19 – letni obywatel Rumunii został zatrzymany przez policjantów Wydziału Ruchu Drogowego. Pomimo, iż w terenie zabudowanym było ograniczenie prędkości do 50 km/h, mężczyzna nie zważając na to, jechał 106 km/h, tym samym przekroczył prędkość dozwoloną aż o 56 km/h. Młody kierowca szybko zakończył karierę na drodze, ponieważ zostało mu zatrzymane prawo jazdy, ponadto otrzymał 10 punktów karnych oraz mandat w wysokości 1500 zł. Miał dużo szczęścia, że nikt w tym czasie nie przechodził przez drogę i nikogo nie ma na sumieniu.
Podobnie odwagą wykazał się 28 – latek, który będąc w stanie nietrzeźwości wsiadł za kierownicę pojazdu marki Subaru. Na szczęście został zatrzymany przez policjantów Wydziału Ruchu Drogowego.
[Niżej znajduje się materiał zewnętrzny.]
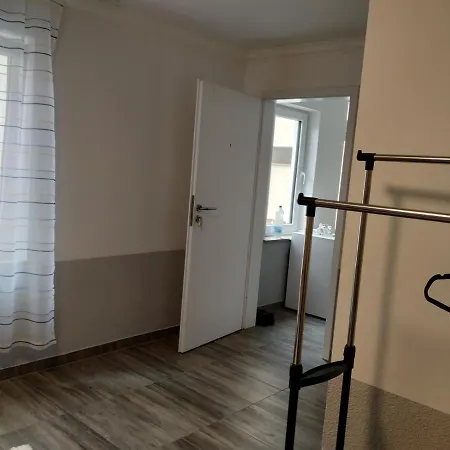Mehrfamilien Haus Apartment *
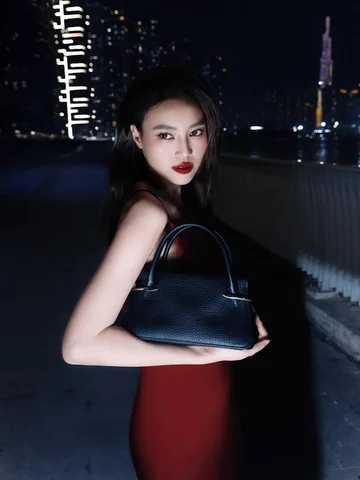 Chiếc du xuân mùng 8 của Nọc, cả nhà hôm nay thế nào ?

#GivenchyVietnam #SISCon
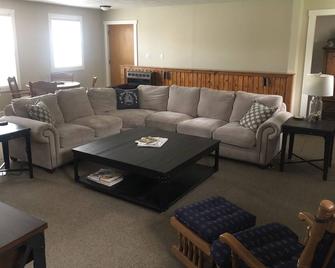 Big Red a newly renovated 4 bedroom historic home in the heart of Grand Marais! - Grand Marais - Living room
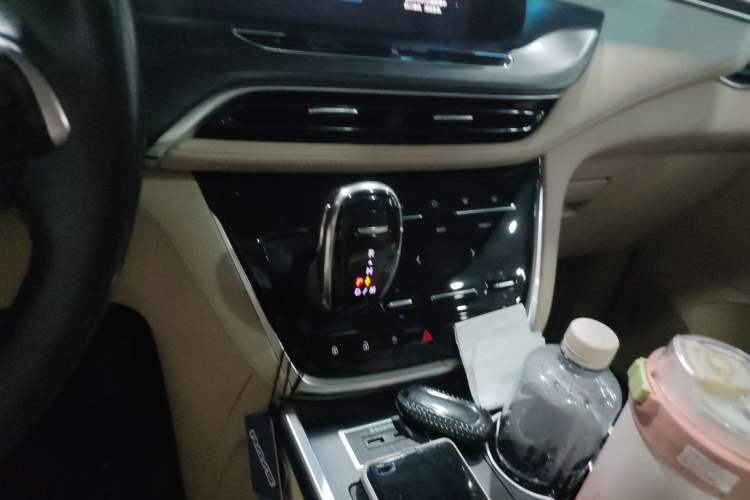 Used Buick GL8 2022 ES Landtrek 653T Luxury Edition Gear Lever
Sprawcy zatrzymano prawo jazdy, grozi mu zakaz kierowania pojazdami mechanicznymi oraz kara ograniczenia wolności lub pozbawienia wolności .
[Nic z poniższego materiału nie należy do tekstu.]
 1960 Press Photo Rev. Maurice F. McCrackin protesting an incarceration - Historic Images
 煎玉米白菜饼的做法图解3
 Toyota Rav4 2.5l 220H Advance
– Pomyśl zanim wsiądziesz do samochodu i pojedziesz . Pomyśl nie tylko o sobie, ale przede wszystkim o swoich najbliższych i innych uczestnikach ruchu drogowego. W powyższych przypadkach być może udało się zapobiec nieszczęściu – mówi sierż. szt. Emilia Reguła p.o. oficera prasowego Komendanta Powiatowego Policji w Głogowie. – Niestety nadmierna prędkość lub kierowanie pod wpływem alkoholu to wciąż poważny problem na polskich drogach. Zbyt wiele osób wsiada za kierownicę swojego samochodu w stanie nietrzeźwości. Pomimo tego, że zjawisko to nie spotyka się już z przyzwoleniem społecznym, a kary spotykające takich kierowców są coraz bardziej surowe wiele osób przecenia swoje możliwości i świadomie decyduje się na poważne ryzyko. Narażając nie tylko siebie, ale również innych użytkowników dróg – często osoby najbliższe – dodaje policjantka.